Would you repeat the listing exactly but omit every picture?
=== Section Start ===
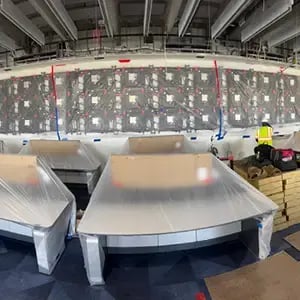 Video wall system wrapped in plastic in the early phases of installation
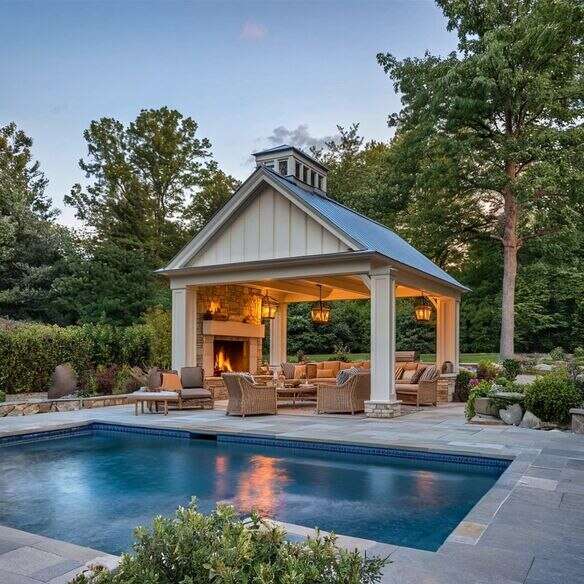 Farmhouse-style modern pool house with rustic wooden beams and modern trim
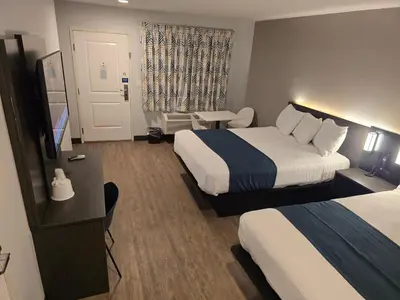 a hotel room with two beds and a flat screen tv at Motel 6 Los Angeles, CA - Downtown in Los Angeles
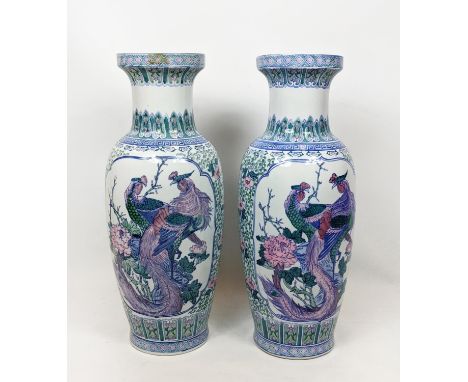 CHINESE FLOOR VASES, a pair, in a light blue green and pink palette with cartouches framing resting peacocks and crysanthemum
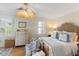 Bright main bedroom featuring hardwood floors, white furniture, and a unique ceiling fan at 166 1/2 Queen St, Charleston, SC 29401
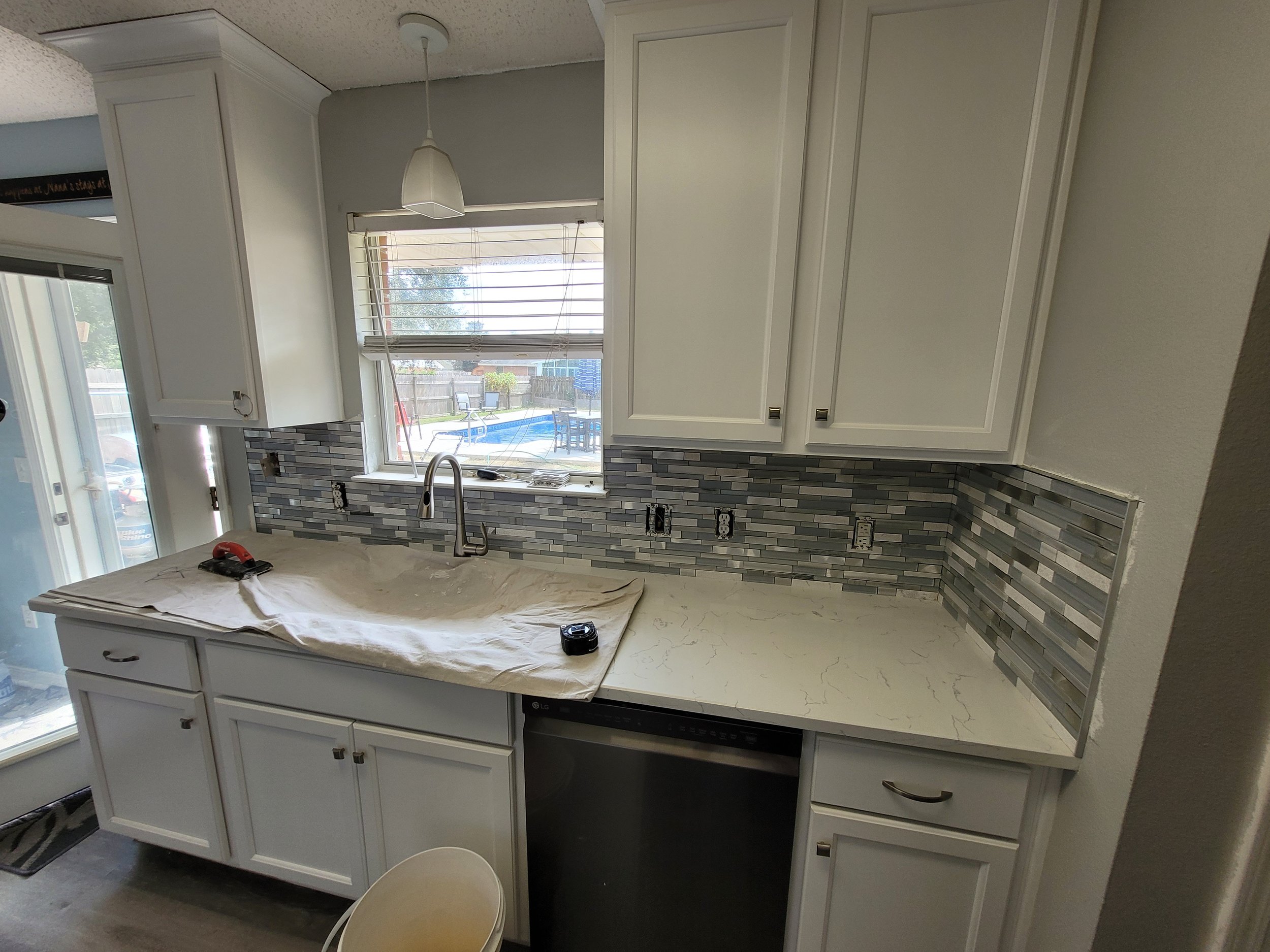 Kitchen with white cabinets, mosaic tile backsplash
=== Section End ===
> **Reply**:
 Video wall system wrapped in plastic in the early phases of installation
 Farmhouse-style modern pool house with rustic wooden beams and modern trim
 a hotel room with two beds and a flat screen tv at Motel 6 Los Angeles, CA - Downtown in Los Angeles
 CHINESE FLOOR VASES, a pair, in a light blue green and pink palette with cartouches framing resting peacocks and crysanthemum
 Bright main bedroom featuring hardwood floors, white furniture, and a unique ceiling fan at 166 1/2 Queen St, Charleston, SC 29401
 Kitchen with white cabinets, mosaic tile backsplash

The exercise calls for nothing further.